Não foi por acaso que o primeiro programa de todos, que foi para o ar antes do noticiário das 19.00 do dia 21 de novembro de 2016 - cada novo programa estreia-se diariamente àquela hora e repete no dia seguinte às 10.58 - foi dedicado à investigação sobre a contaminação por microplásticos das aves marinhas, a que o investigador João Frias se dedica na Universidade dos Açores. Naqueles 90 segundos iniciais que fizeram o arranque da rubrica, o cientista explicou que a sua equipa estudou uma ave local, os cagarros, e que em 93% dos casos encontrou contaminação por microplásticos.
Hoje o programa já vai em cerca de 700 episódios emitidos, o que significa outros tantos estudos e projetos nas mais variadas áreas científicas, da agricultura à história, da robótica à saúde, da geologia à literatura, da matemática à engenharia e muito mais, num panorama que é diversificado a todos os níveis: nas áreas científicas, na origem geográfica dos investigadores e na própria paridade, entre cientistas homens e mulheres. António Granado, que faz o alinhamento dos programas a cada semana, sublinha que a tónica "é sempre a maior variedade possível".

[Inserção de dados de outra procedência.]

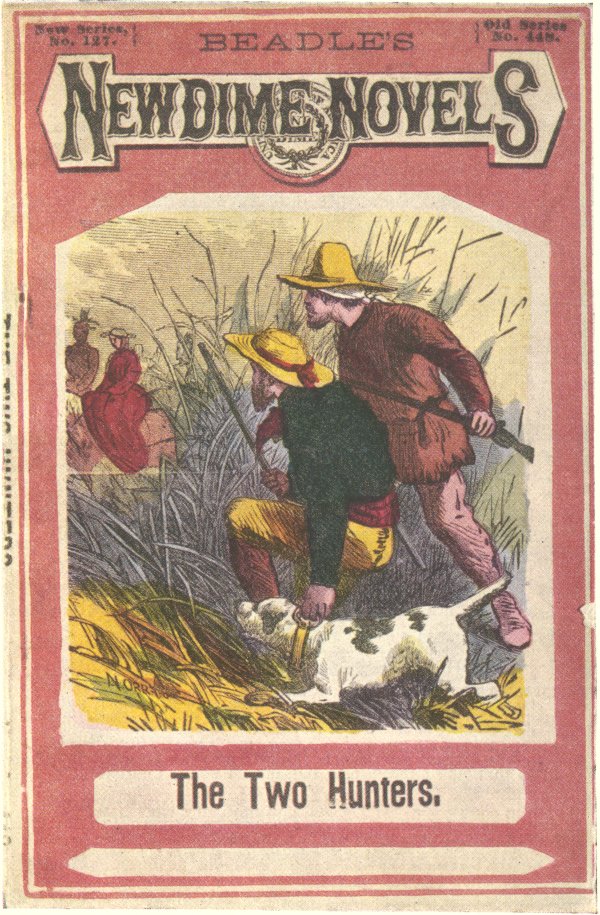 Fig 24.  <i>Beadle's New Dime Novels</i><br>
Between 1874 and 1885 310 numbers were issued.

Cabe a Joana Lobo Antunes, que dirigia o gabinete de comunicação do ITQB e está agora na comunicação do Instituto Superior Técnico, procurar os entrevistados, e a Adriano Cerqueira realizar e montar as entrevistas. Este último é um trabalho mais complexo do que à primeira vista poderia parecer.
"Faço uma entrevista preparatória com o cientista que pode levar em média 40 minutos, uma hora, ou um pouco mais, e em seguida fazemos 15 minutos de gravação", explica Adriano Cerqueira. Reduzir esses 15 minutos a 90 segundos é trabalho para meia hora de edição, a que se segue o trabalho final de sonoplastia, para inclusão de ruídos e música, por Paulo Castanheiro, outro dos membros da equipa. Para assegurar uma estreia diária, a equipa trabalha com 40 episódios de avanço.
Os resultados não podiam ser mais positivos. "A universidade está contente, nós, a rádio e os cientistas estamos contentes", resume Joana Lobo Antunes. E, por parte do público, as reações também são encorajadoras. "Em geral as pessoas gostam", sublinha. E há quem se surpreenda - "não sabia que em Portugal também se fazia isto", já escreveram ouvintes no site e na página de Facebook do programa.
Para os investigadores é também uma experiência gratificante, garante Joana Lobo Antunes. "Para muitos, é uma experiência nova, de que gostam, e com a qual aprendem a comunicar melhor o seu próprio trabalho."
Aposta ganha, o programa vai continuar, claro. Afinal, há cerca de 50 mil cientistas em Portugal, e tanta ciência para contar.